На первый взгляд, неожиданно статья Мовшенсона об акробатике заканчивалась пассажем, посвященным клоунаде. Но это весьма показательно. Все деятели театра, обращавшиеся к цирковому искусству, всегда строго разграничивали — акробатику и клоунаду. Вообще, циркизация театра имела две равноправные параллельные линии — опыты в сфере актерской техники с привлечением акробатических элементов и использование в театральных спектаклях клоунской маски.
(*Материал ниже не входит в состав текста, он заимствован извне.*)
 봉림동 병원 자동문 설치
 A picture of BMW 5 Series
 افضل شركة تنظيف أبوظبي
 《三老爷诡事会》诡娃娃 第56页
Последнее было возможно только при признании исторической и эстетической связи между клоунскими и театральными масками. «Существует, однако, связующее звено у цирка с театром — это клоун, рыжий <…>. Но на мой взгляд клоун скорее явление порядка театрального, нежели циркового»[195]. Таким образом статья А. Г. Мовшенсона обозначила ключевые проблемы еще только начинавшейся циркизации театра.
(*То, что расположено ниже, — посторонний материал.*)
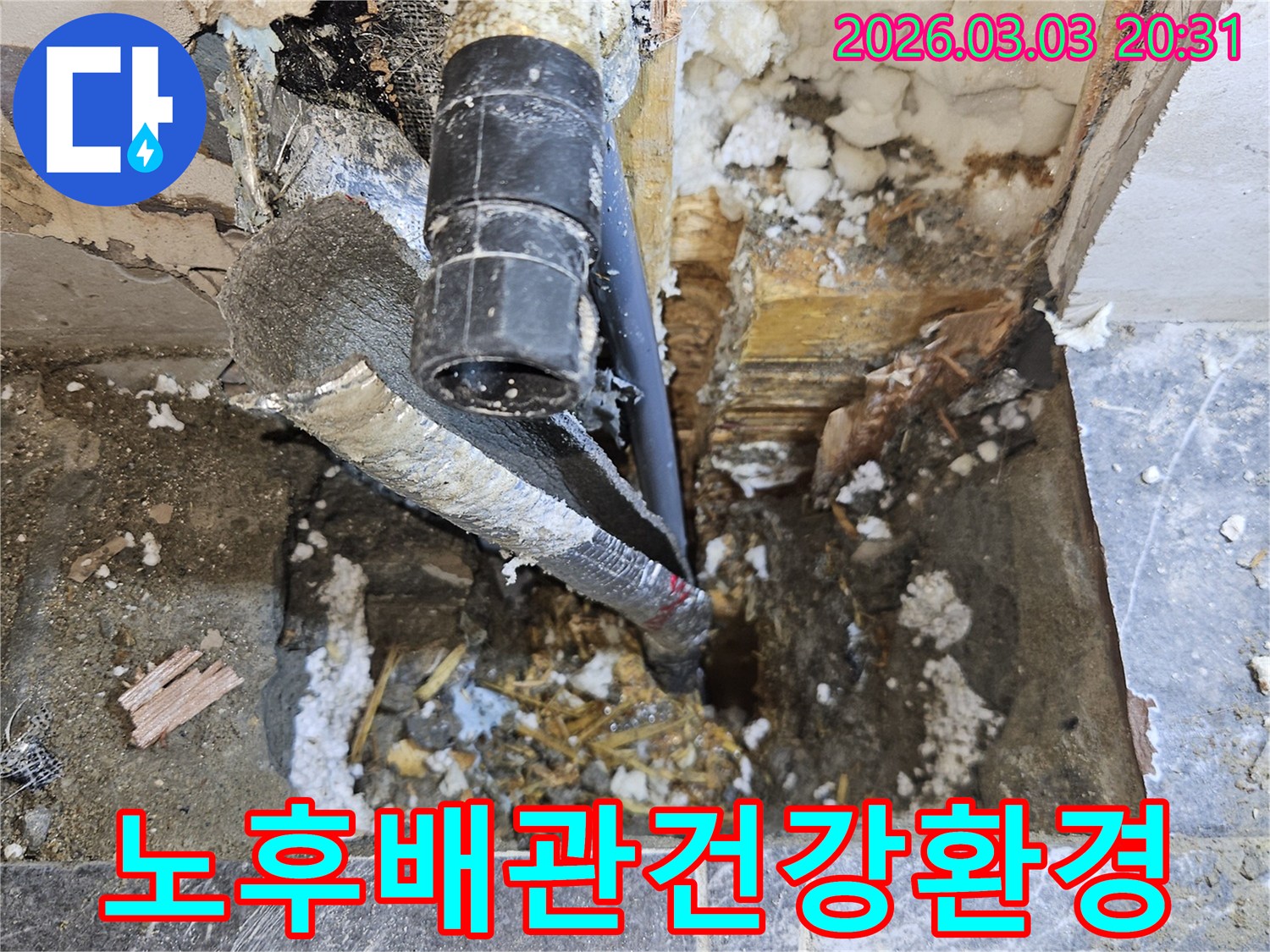 오래된-배관을-교체하여-누수-문제를-해결하고-쾌적하고-건강한-환경을-조성하는-현장입니다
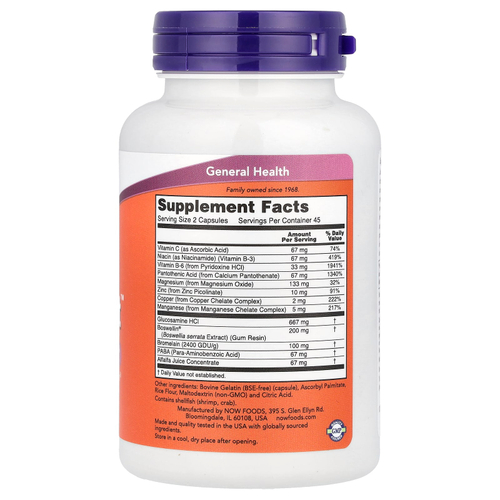 NOW Foods, Joint Support ™, 90 капсул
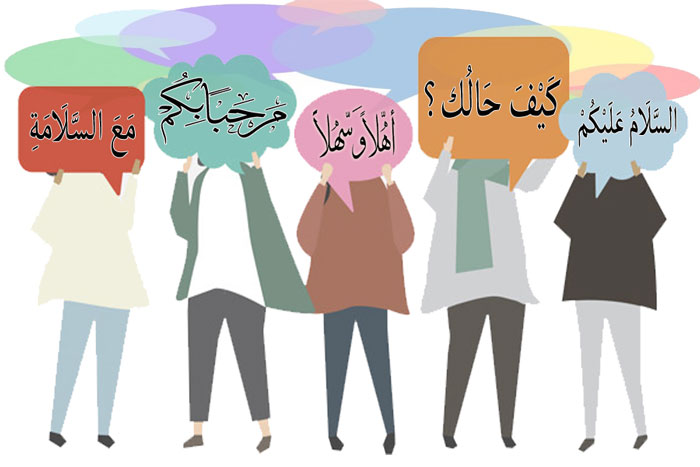 زبان عربی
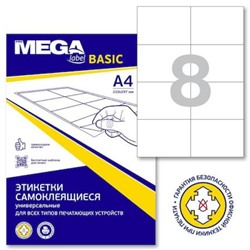 Самокл. этикетки А4 50л 105х74 мм 8 шт. на листе label basic 1222143 PROMEGA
Затем одна за другой в «Жизни искусства» появились две статьи К. Н. Державина. В его посылках отчетливо просматривается движение в русле мейерхольдовских установок.

Первая статья посвящена проблеме актера. Сразу выдвинут тезис о принципиальном различии цирка и театра: «Искусство театра и искусство цирка далеки друг от друга и, главным образом, по формам и технике, им свойственным»[196]. Во второй статье: «Наш цирк и наш театр <…> — вполне антагонистичны друг другу»[197].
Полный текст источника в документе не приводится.